We went to the airport yesterday to pick up our friend Sally, inbound from Australia for a summer vacation partly with us. Which kicked off two largely-unrelated lines of thought that are not quite large enough to deserve their own essays. The big thing is the angle you hold your hips when you hug.

Vacations · Sally’s enjoying a four-week vacation. Four weeks!?!? Seems to me like something from another planet. She’s in a management position (i.e. give us your life) in the hospitality industry (i.e. low pay, hard work, lousy benefits) and she still gets to take four weeks.

Quite a few North Americans won’t have noticed this, but we are really different from the rest of the world in our attitude towards holidays.

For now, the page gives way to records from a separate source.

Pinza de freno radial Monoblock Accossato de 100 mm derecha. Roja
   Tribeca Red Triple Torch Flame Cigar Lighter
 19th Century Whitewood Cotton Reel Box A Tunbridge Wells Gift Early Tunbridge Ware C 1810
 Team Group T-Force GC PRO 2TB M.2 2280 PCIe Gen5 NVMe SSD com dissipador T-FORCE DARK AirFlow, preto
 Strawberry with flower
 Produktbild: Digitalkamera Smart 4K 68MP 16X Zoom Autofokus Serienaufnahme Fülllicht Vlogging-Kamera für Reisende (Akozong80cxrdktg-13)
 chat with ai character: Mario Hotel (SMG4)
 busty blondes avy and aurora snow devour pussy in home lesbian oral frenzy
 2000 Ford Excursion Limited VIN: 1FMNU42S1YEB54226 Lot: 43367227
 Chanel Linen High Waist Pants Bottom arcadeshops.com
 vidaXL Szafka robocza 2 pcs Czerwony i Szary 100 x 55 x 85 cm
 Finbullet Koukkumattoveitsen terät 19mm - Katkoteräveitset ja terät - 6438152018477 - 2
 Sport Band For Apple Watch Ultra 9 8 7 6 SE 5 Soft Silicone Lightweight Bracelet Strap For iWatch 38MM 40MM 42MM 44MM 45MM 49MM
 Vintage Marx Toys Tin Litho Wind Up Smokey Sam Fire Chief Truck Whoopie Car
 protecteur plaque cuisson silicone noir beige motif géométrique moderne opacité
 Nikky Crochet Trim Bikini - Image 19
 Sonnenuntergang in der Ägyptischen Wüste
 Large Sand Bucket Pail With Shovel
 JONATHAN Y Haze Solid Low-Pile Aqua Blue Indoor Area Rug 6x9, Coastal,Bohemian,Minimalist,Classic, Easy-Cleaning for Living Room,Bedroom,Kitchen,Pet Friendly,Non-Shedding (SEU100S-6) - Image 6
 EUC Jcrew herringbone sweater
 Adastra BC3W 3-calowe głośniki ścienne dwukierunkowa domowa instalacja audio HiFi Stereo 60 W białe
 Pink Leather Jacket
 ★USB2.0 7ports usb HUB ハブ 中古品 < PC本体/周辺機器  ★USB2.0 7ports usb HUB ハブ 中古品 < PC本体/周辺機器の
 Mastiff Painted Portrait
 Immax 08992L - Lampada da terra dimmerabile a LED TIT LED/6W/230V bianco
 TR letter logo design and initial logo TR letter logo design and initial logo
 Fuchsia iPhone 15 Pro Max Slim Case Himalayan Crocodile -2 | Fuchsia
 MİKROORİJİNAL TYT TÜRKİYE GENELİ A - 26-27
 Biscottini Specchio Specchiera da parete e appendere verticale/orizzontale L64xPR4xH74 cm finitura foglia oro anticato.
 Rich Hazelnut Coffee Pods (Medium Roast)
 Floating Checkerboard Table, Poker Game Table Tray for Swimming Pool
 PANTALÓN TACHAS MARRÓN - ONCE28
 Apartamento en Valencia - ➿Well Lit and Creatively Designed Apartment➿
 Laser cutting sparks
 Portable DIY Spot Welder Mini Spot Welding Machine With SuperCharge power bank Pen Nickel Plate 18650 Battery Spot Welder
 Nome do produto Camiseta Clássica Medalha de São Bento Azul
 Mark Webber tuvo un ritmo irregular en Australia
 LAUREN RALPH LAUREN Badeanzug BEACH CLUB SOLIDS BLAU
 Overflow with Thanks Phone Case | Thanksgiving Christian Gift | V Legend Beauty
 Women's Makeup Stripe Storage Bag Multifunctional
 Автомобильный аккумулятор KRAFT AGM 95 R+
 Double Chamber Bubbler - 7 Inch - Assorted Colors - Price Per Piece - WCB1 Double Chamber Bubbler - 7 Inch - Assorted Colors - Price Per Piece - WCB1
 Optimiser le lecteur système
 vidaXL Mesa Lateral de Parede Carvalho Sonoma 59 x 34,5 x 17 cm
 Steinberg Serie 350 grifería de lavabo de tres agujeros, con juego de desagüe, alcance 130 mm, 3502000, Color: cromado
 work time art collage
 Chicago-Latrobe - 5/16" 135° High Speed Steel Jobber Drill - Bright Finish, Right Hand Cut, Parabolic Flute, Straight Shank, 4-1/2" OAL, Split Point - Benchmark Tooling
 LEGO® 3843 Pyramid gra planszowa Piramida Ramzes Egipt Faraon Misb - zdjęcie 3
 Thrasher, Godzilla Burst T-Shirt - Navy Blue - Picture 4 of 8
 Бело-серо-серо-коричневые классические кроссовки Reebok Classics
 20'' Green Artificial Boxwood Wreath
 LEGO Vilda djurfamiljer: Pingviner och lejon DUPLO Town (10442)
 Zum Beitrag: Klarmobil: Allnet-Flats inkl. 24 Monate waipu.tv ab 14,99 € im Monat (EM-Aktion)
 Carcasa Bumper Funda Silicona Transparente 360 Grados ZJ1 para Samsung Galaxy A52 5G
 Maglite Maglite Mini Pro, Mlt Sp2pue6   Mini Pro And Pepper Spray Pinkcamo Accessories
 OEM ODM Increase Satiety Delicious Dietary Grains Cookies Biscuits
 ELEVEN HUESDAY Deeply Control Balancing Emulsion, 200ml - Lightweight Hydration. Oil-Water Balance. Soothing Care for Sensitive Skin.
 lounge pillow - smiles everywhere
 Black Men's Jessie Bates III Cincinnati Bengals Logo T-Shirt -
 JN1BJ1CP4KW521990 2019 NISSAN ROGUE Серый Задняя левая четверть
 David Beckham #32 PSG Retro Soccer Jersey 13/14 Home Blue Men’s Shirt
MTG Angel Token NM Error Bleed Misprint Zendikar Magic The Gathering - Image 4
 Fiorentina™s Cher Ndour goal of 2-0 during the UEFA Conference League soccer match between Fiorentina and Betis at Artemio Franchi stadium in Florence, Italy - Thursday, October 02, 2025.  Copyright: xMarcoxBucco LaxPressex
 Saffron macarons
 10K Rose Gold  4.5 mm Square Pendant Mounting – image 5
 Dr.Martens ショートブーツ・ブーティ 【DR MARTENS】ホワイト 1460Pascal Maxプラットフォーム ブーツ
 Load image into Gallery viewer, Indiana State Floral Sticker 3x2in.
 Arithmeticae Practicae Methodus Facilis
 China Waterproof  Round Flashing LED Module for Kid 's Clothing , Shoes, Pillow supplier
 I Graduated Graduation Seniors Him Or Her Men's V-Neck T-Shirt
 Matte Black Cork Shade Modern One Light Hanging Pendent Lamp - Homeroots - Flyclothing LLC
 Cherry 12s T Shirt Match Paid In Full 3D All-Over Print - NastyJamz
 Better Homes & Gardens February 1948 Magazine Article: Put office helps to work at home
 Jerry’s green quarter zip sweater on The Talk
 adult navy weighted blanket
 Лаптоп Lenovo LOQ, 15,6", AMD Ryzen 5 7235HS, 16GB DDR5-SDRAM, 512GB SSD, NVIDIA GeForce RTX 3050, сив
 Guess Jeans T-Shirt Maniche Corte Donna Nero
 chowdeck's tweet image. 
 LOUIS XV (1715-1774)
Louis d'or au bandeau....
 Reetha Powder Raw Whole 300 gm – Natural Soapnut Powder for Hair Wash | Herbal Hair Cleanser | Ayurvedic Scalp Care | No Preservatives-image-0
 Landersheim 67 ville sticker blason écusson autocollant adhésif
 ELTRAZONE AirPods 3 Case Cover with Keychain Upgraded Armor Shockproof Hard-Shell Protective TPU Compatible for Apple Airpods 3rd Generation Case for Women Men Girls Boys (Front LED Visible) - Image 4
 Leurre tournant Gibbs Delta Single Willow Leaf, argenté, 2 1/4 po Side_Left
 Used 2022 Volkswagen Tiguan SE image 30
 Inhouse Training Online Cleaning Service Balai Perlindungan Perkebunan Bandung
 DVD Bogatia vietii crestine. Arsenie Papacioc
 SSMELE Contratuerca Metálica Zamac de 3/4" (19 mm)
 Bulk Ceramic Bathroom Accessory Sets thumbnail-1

In Australia and especially in Europe people are generally entitled to from three to six weeks of vacation, and they generally take it. In Switzerland I’ve seen movie theatres closed for part of the summer because the staff is away.

Does aggregate productivity suffer? Yes. Is this still a better attitude towards life and work? Absolutely.

How to Hug · There’s an old joke about a high-school kid about to go on his first date who took a book of this title out of the library and it turned out to be Volume 10 of the Encyclopedia. But I digress.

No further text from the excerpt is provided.